Christopher Silvester

Diary – 21 September 2002

I shall call him the Unknown Afghan Hero. The BBC footage of the assassination attempt on Hamid Karzai showed a civilian greeting the Afghan president through the window of his limousine. Suddenly, several shots rung out and this civilian, reacting instantaneously, swung round and hurled himself upon the would-be assassin, as did another man, before all three were killed in a hail of American friendly fire. It was a dramatic moment recorded on videotape and beamed into our sitting-rooms, yet so much of the press got it wrong. Reuters reports mentioned that ‘both Karzai’s attacker and an Afghan bodyguard died in the shootout’, though not the civilian hero. The Sunday Times published a photograph of the civilian’s bloodied corpse with the caption ‘Ominous: one of the men shot after the attempt to kill Karzai’, implying his complicity in the assassination attempt.

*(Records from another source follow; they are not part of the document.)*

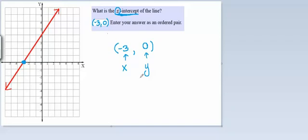Something that can be helpful to think about and to remember whenever you're setting up the answer to any type of intercept question. If it's an x-intercept, the y-coordinate will always be zero.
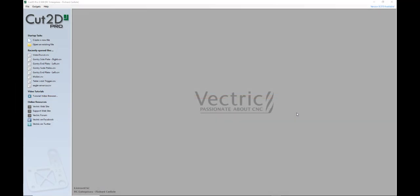Hey, Ross here with TrueCutCNC. In this video we're going to go over the CAM portion of Cut2D.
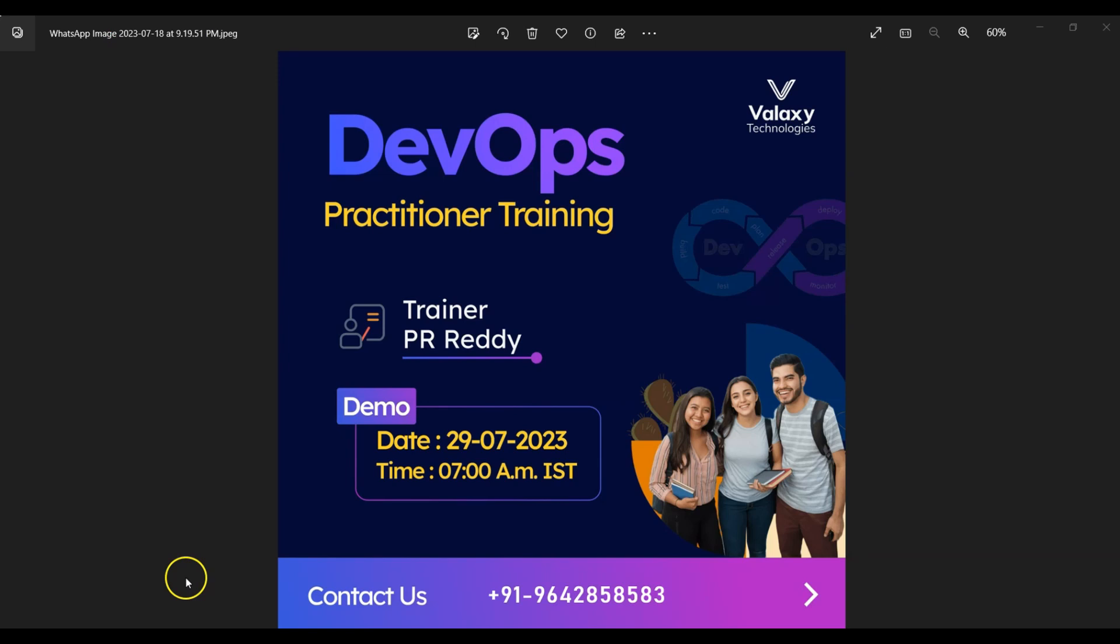Before talking about the course curriculum, I would like to say that we are starting a new batch from 29th July 2023. If you are interested, you can reach out to us on the number displayed here.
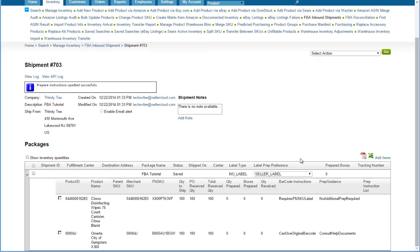Label Prep Preference is only relevant if the item requires a label. If the item is eligible for commingling, then no labeling is required. After previewing the item, Amazon will let you know if the item requires labeling, as we'll see in a minute.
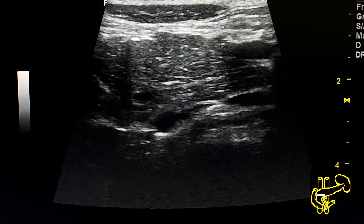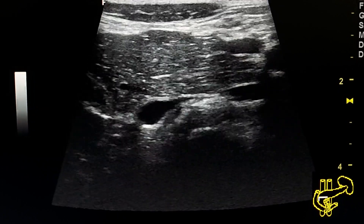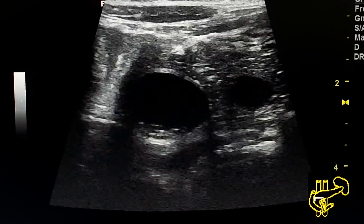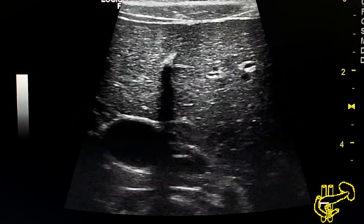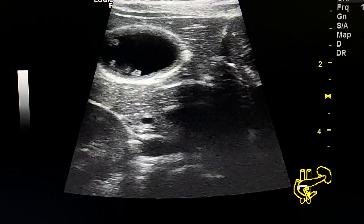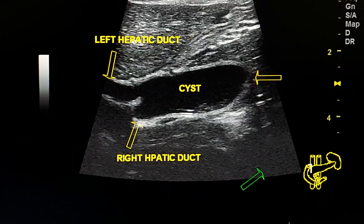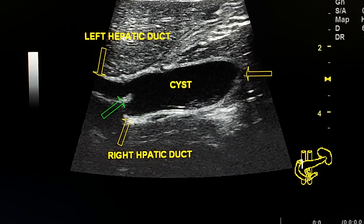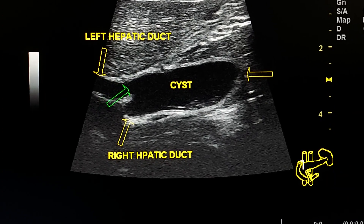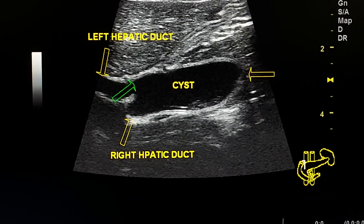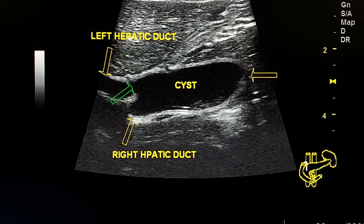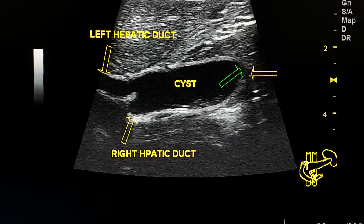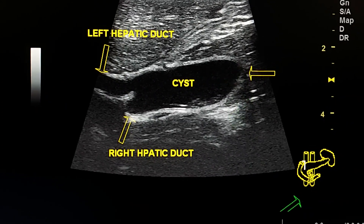Here in this view we see how the dilatation of the extrahepatic system ends here in the head of the pancreas. This is a long section of the choledochal cyst showing the dilatation from the confluence of the hepatic duct to the head of the pancreas.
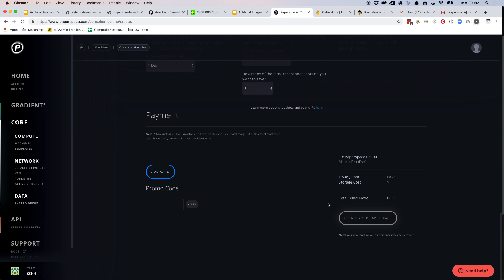And then once you've done that, it'll say you will be allowed to create your paper space. This button will normally be gray. It'll be like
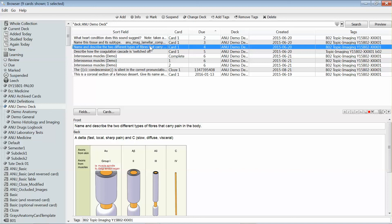Anki can do a number of different card types. The common one that people think of with flashcards is called the basic card in Anki. It has a front and a back.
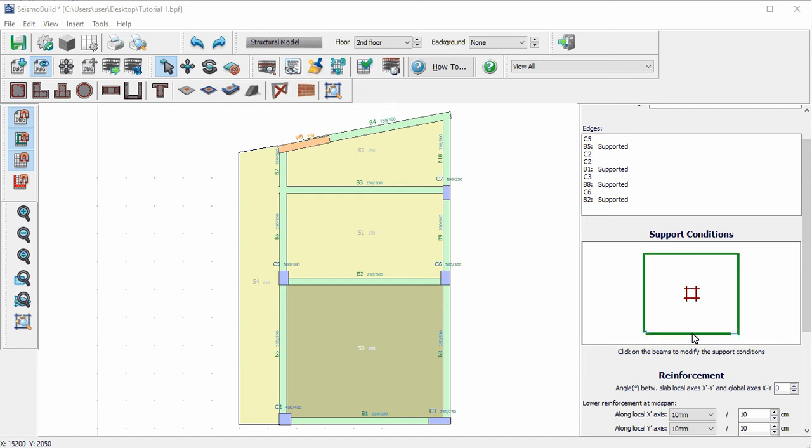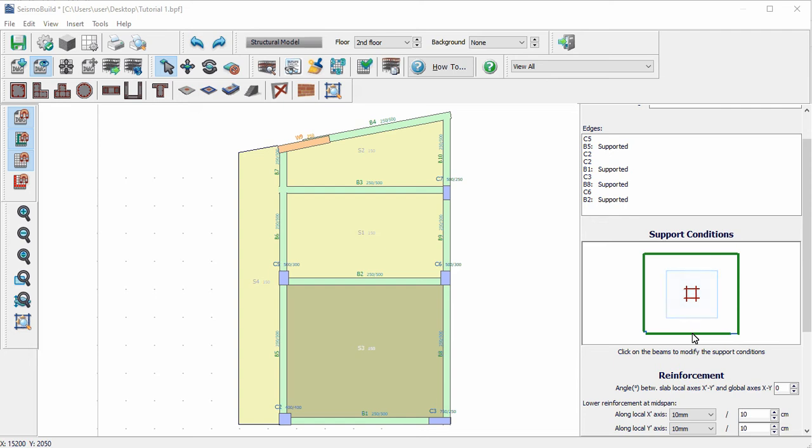Now we will modify the angle between the local axis of the slab reinforcement and the global axis of the plan view of the floor. The local axis indicate the directions along which the slab reinforcement is distributed.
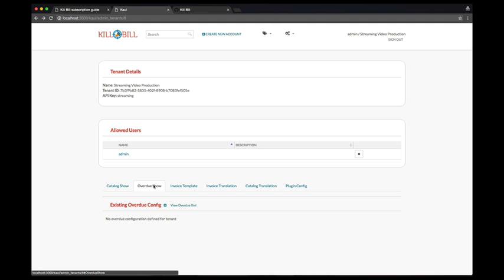In a nutshell, the configuration consists in specifying a set of stages that each delinquent customer account will go through. Each stage can define some actions that the system will take automatically, but it can also be used outside of the Kill Bill Core system.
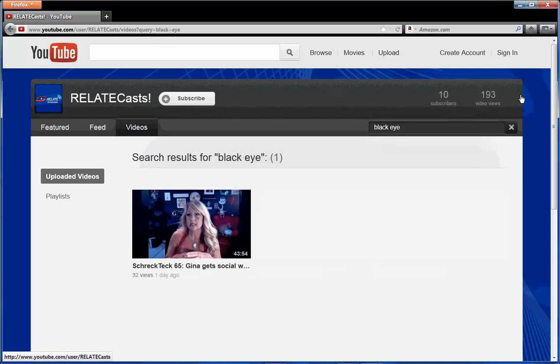Well, one video comes up and that's Gina Shrek who in her last Shrek Tech video actually had a black eye, or more I should say a black cheek. She got hit by a glass table - actually the glass fell off a glass table and hit her in the face. Fortunately she is okay, but there is a remnant which is a little bit of a shiner.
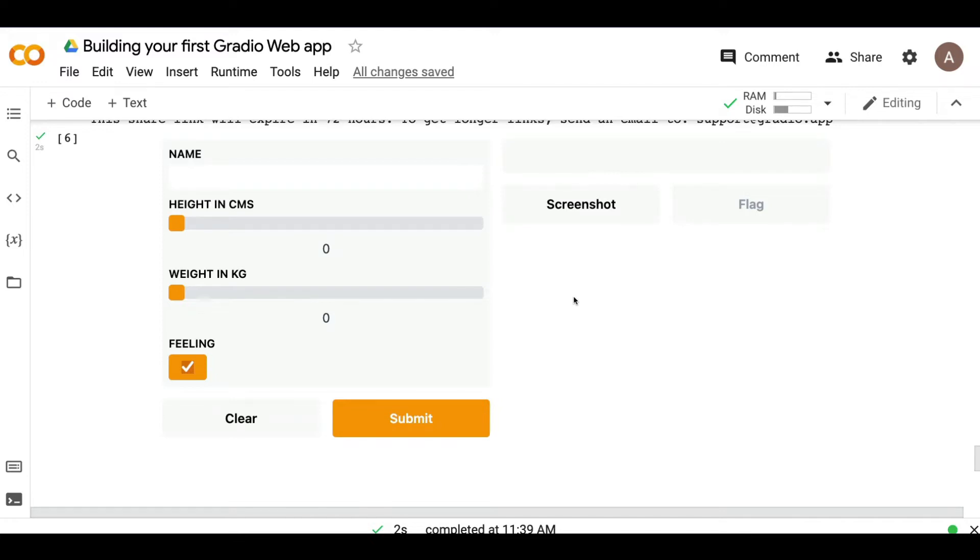In this section, we're going to know a little bit more about debugging your Gradio web application. And also, Gradio has a nice feature called flagging, and we're going to look more into that. First, let's start with debugging.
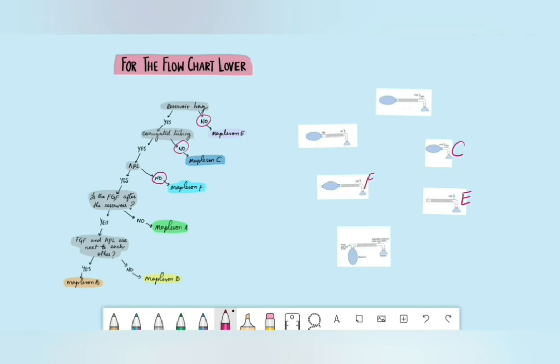Then look at the FGF position after the reservoir. If it's before the reservoir, it's Mapleson A. You can see in these images the bottom-right one is Mapleson A. Are the FGF and APL next to each other? If no, then it's Mapleson D. If FGF and APL are close together, that's Mapleson B. With this flowchart you can identify Mapleson circuits easily.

The Guardian Unlimited website reported that Karzai’s US bodyguards ‘killed the gunman and two other men, both carrying weapons’. It was bad enough for him to have been killed, but the unfortunate fellow has since either been denigrated or forgotten. I noticed the name of the assassin in one of the papers, but not the name of this plucky little man who stood in the line of fire. Keith Harris, reporting for BBC2’s From Our Own Correspondent, noted that the US bodyguards changed their appearance after the shootout. ‘Stripped to the waist and wearing turbans, they looked pumped-up, bizarre and dangerous,’ he said. Indeed, they resembled Sylvester Stallone in the Rambo movies, the salient difference being that Rambo never killed good guys.

Behind the rhetoric of those arguing that Saddam Hussein should not be allowed to develop a nuclear bomb lies the misconstruction that he is crazy enough to use such a weapon.